All these questions have been asked over and over again, within academic theology or in the Church. Yet still in 2026, a consensus on their answers proves elusive, with rigorous investigation continuing into the complex factors that shaped the Canon. Fancy a deep dive into these questions? If so, you should check out a new book of essays – The New Testament Canon in Contemporary Research – just published by Brill, in the series Texts and Editions for New Testament Study: you can find a copy in the College’s Gamble Library (BS2325 P848).

The volume aims to provide a comprehensive, in-depth evaluation of the New Testament Canon. It unpacks all major relevant aspects of the New Testament’s formation, contents and supporting ancient documentary evidence (or witnesses). Explaining its formation involves coverage of the conditions and contexts that impacted the New Testament’s growth. Describing its contents requires detailed reconstruction of how each New Testament book or section achieved its canonical recognition. And examination of supporting witnesses calls for attention both to surviving ancient manuscripts for the New Testament texts and to other Christian writings that attest their early use and influence.
The book’s contributors are an international group of twenty-three scholars from a range of backgrounds and with contrasting perspectives. All of them either specialists in Canon Studies generally or in the interpretation of individual books or sections of the New Testament literature. Their mix of views and approaches illustrates current debates about the Canon, giving a hearing to disparate voices and presenting varying assessments of the issues.

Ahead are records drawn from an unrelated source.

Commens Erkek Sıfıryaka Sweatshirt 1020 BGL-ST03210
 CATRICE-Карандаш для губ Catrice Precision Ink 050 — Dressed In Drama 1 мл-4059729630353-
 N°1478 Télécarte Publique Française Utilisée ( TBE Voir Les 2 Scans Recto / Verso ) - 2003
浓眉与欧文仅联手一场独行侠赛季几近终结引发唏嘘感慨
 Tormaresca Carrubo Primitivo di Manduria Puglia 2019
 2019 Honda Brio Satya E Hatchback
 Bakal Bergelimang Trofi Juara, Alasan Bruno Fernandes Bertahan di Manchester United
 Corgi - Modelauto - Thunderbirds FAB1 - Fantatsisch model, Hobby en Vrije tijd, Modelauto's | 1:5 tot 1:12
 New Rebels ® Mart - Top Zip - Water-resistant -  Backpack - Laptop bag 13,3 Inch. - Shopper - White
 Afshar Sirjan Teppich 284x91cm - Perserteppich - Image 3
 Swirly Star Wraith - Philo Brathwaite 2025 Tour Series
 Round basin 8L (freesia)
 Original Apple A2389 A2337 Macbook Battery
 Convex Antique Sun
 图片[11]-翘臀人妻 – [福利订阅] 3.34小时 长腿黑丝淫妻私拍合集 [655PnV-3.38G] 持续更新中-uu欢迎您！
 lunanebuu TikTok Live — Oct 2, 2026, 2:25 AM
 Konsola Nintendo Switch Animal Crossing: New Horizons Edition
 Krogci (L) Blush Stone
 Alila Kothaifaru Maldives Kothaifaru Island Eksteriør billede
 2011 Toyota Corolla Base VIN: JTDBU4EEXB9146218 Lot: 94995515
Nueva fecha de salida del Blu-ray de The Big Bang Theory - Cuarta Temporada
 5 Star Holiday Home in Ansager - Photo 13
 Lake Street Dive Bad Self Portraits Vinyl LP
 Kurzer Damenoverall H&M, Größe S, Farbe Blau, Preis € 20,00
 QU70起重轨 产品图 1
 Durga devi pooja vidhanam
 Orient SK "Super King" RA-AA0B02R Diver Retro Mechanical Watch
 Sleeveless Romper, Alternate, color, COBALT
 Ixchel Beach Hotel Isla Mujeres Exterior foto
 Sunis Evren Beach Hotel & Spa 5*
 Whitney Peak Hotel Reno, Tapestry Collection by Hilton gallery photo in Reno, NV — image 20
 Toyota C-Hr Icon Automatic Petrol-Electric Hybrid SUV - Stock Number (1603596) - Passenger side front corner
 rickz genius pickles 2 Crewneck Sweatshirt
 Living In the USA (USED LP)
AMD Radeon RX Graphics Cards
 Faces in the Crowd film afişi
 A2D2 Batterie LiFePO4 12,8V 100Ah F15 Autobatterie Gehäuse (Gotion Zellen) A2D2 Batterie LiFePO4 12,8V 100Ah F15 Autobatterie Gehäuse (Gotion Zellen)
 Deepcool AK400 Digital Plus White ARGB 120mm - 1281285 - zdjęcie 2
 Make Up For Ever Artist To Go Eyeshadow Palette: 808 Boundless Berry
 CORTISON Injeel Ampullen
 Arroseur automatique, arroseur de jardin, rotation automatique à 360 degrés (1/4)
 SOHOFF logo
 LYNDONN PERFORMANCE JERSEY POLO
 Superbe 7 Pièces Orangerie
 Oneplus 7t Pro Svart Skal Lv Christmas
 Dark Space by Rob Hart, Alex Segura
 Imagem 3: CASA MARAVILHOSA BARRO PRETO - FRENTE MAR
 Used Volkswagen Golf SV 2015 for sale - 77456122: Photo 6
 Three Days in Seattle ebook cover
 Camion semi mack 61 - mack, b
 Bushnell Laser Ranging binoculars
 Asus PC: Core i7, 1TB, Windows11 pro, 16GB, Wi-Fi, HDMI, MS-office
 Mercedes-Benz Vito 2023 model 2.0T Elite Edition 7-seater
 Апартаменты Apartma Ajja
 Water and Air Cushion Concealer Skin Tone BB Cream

Some Reformed perspectives are featured, including my own on the Book of Revelation. In my essay, I chart Revelation’s particular road to very early and secure canonical status in both the Western/Latin and Eastern/Greek Churches, as well as inquiring into the circumstances in the Greek East that produced a later wobble over its value. A counterpoint is provided in an accompanying essay, by an Orthodox scholar who concentrates on the rockier road of Revelation’s fortunes in the Eastern Church and who gives readers a somewhat different explanation of its canonical fortunes.

Of course, there are twenty-six other New Testament books than the one that has most fascinated and occupied me, each with its own peculiar journey towards a settled place, whether core or fringe, within our New Testament Canon: so, there is plenty here to explore!